Alice (Carla Ribas) is a middle-aged working mother in an unremarkably middle-class household populated by generational types. Her vision-impaired elderly mother (Berta Zemel) slaves over a multitude of thankless chores, yet always unwittingly gets in everyone’s way. Alice’s deadbeat husband, Lindomar (Zécarlos Machado), is a heartless buffoon who carries on an affair with a neighbor’s teenage daughter and tirelessly campaigns to dump his mother-in-law in a nursing home. The family’s eldest son, Lucas (Vinicius Zinn), is a career soldier who moonlights as a gay hustler. Middle child Edinho (Ricardo Vilaça) is a kleptomaniac who robs grandma blind. Junior (Felipe Massuia), the youngest son, is a mama’s boy struggling through puberty.

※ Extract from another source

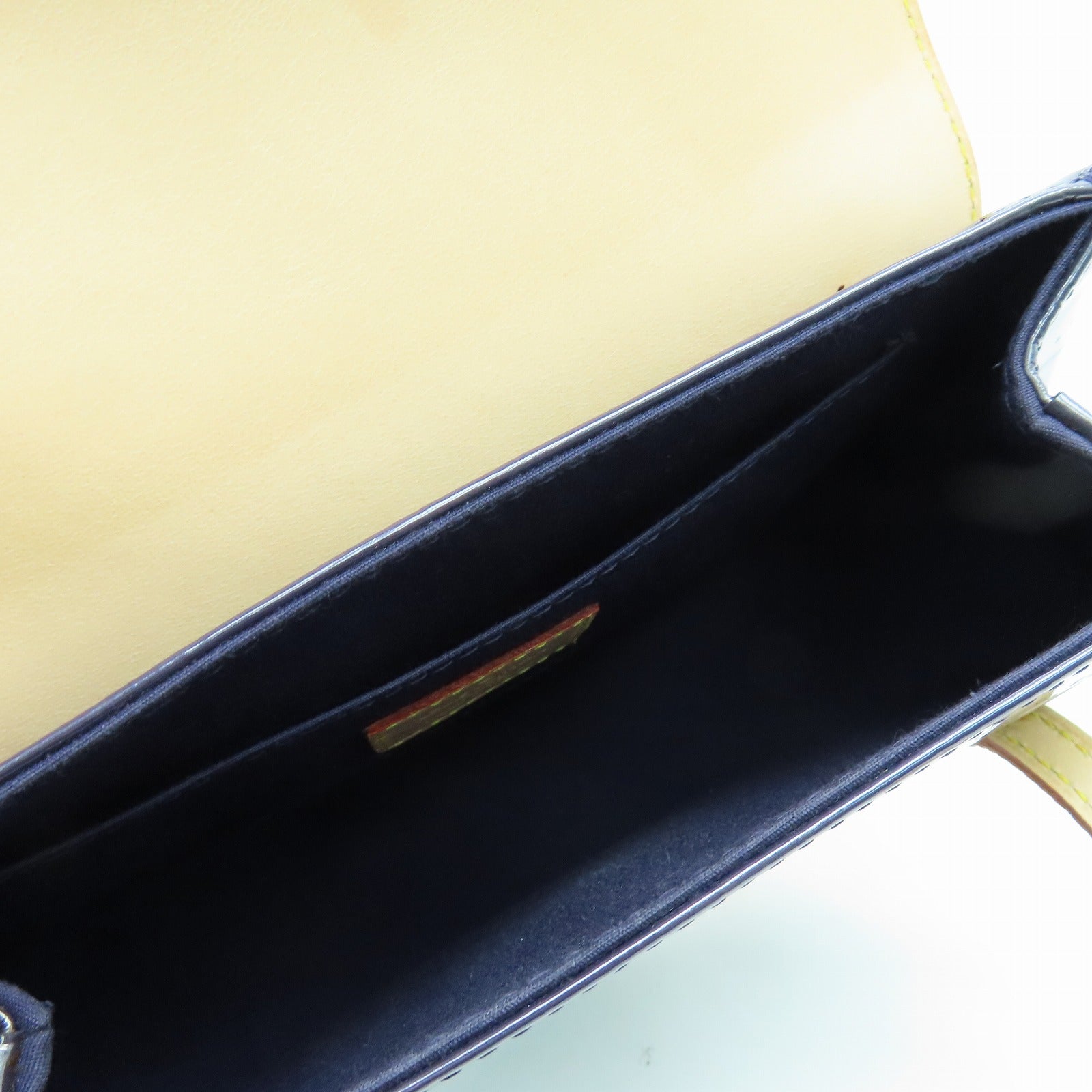 LOUIS VUITTON Monogram Vernis Biscayne Bag金扣肩背袋藍色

Although the film’s title would suggest that Alice is the protagonist, she does not exactly elicit anyone’s sympathy. Lindomar’s clandestine infidelity doesn’t seem so morally reprehensible once Alice embarks on her own secret affair with her first love, Nilson (Luciano Quirino), who is now the moneyed husband of a regular customer at the beauty parlor where Alice works. When the movie inevitably reaches Alice’s climactic meltdown, it leaves viewers cold. In fact, the grandmother is the only character here for whom you might feel sorry.

If its plot synopsis reads more like a litany of character descriptions, that’s because “Alice’s House” offers little else. Viewers are never privy to what makes any of these people tick, and the collage of their idiosyncrasies is no substitute for a real plot. These personality traits are often so arbitrary that the film doesn’t bother keeping track of them. When Lucas and Edinho seem to switch personalities halfway through, you can no longer — nor would you care to — tell which one of them is Junior’s bully and which is his protector. It might seem astounding that the film’s four credited screenwriters collectively have come up with so little, but then, such is often the case when multiple writers attempt to create singular human characters.

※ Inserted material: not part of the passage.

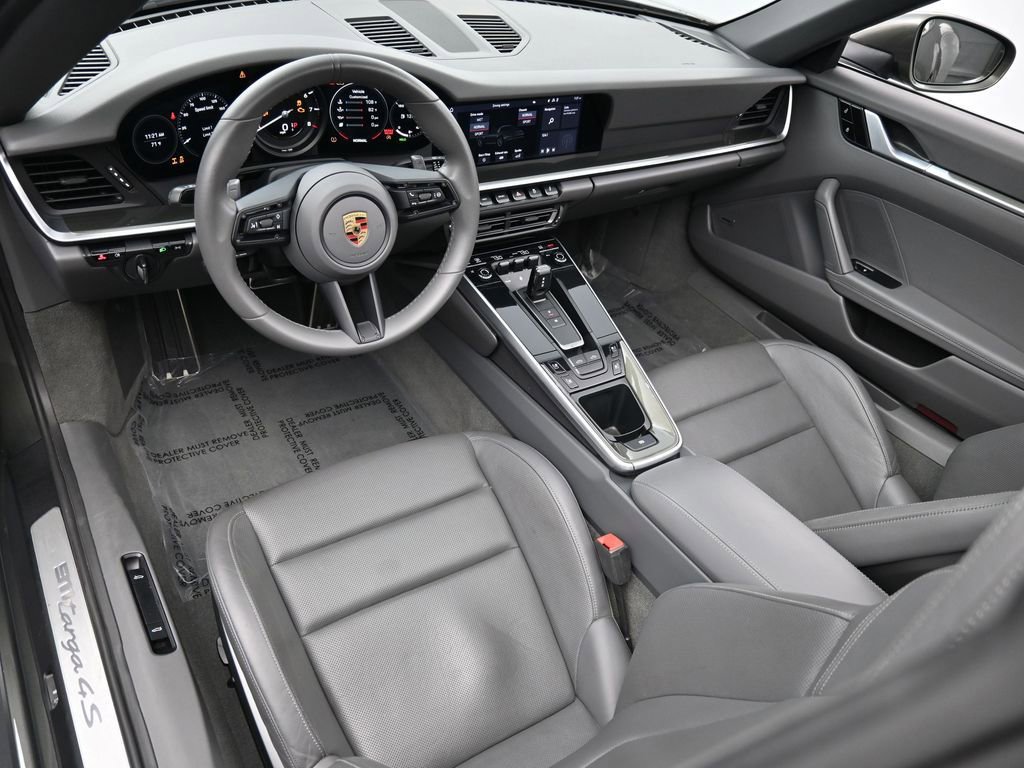 Certified 2021 Porsche 911 Targa 4S w/ Sportdesign Package image 4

Director and co-screenwriter Chico Teixeira has honed a background in documentary filmmaking, but he isn’t able to use that to his advantage here. “Alice’s House” brings to mind far superior efforts by the Argentinean director Lucrecia Martel, who uses similarly unflinching fly-on-the-wall techniques, but also crafts three-dimensional characters and studied, fully lived-in spaces with cracked paint on the walls, humidity in the air, and sweaty bodies lounging in deck chairs. By contrast, Mr. Teixeira’s effort to define his characters seems contrived.